DEFINITION of Unaffiliated Investments
Unaffiliated investments are stocks, bonds, and other investment holdings in companies neither owned by the insurer nor companies that share joint ownership of securities with the insurer. Unaffiliated investments are often found in the financial statements of insurance companies.
BREAKING DOWN Unaffiliated Investments
Insurance companies use the proceeds from their underwriting activities for a number of different activities. They set aside funds as loss reserves to cover liabilities that they may incur from policyholders making a claim. They pay commissions to brokers who bring in new business, and pay operational expenses such as salaries, benefits, and overhead.

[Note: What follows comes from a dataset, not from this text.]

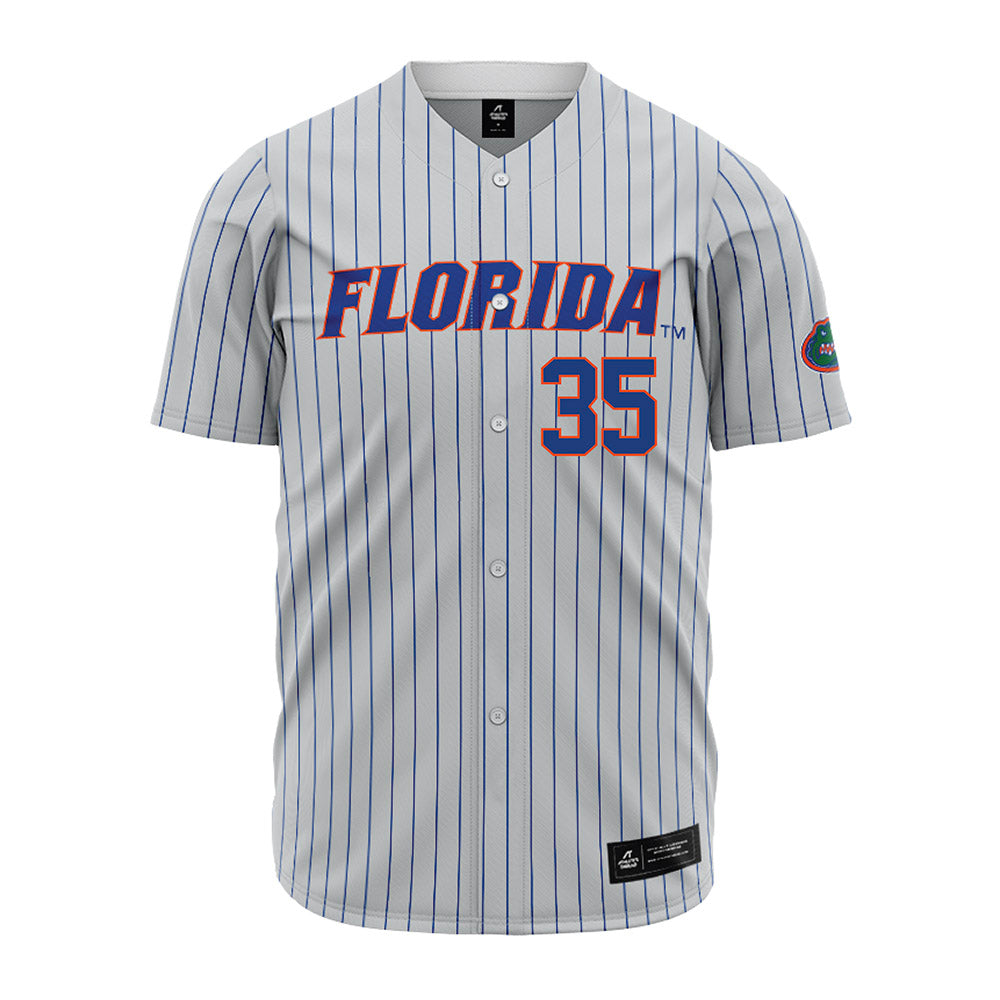 Florida - NCAA Baseball : Brock Clayton - Grey Pinstripe Jersey-0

They also use funds to invest in securities of various liquidities to try to increase the return on the premiums they receive.
Search for Yield
Insurers need to have funds available quickly in order to cover liabilities. In order to do this, they often make short-duration investments in highly liquid assets, and longer-term assets that may offer a higher return. Depending on the type of insurance policies underwritten an insurer’s liability to a policy may last a few months to a few years. Short-term assets are considered part of the insurer’s current liquidity, which is used to cover policies that have a duration of less than a year.
Unaffiliated investments are not included in the calculation of an insurer’s combined ratio. This is because the combined ratio looks at cash outflows – expense ratio, loss and loss-adjustment ratio, and dividend ratio – to see how much money it costs to maintain the book of business. Unaffiliated investments are included in the overall liquidity ratio, though this ratio does not take into account affiliated investments.

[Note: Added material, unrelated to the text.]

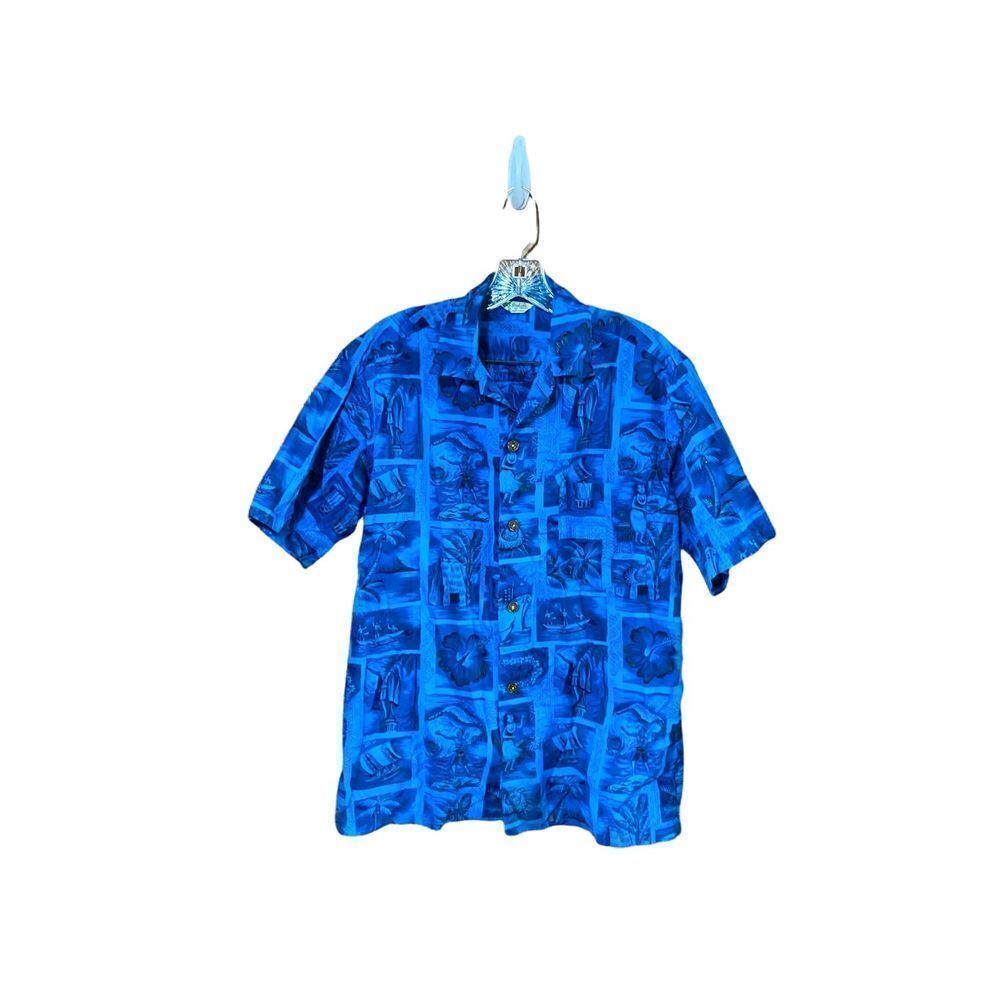 𝅺MENS vintage Hookano Hawaiian button up short sleeve shirt size M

Regulators look at liquidity ratios in order to determine how quickly an insurer will be able to pay for its policyholder liabilities, and to see if the investment strategies and holdings of the insurer are likely to pose a threat to the insurer’s solvency. Insurers are required to report their financials to state insurance regulators periodically.
These investments have gotten a lot of attention from insurers since the financial crisis because ultra-low interest rates have made it difficult to get a decent return. This has meant a shift to alternative investments including private equity and hedge funds.
"As of year-end 2015, U.S. insurers reported exposure to common stock with a book/adjusted carrying value (BACV) of $673.9 billion, of which $373.1 billion (55%) was affiliated and $269.2 billion (40%) was unaffiliated. An additional $31.5 billion in mutual funds were also reported as common stock, representing the remaining 5% of total common stock exposure," the NAIC reported.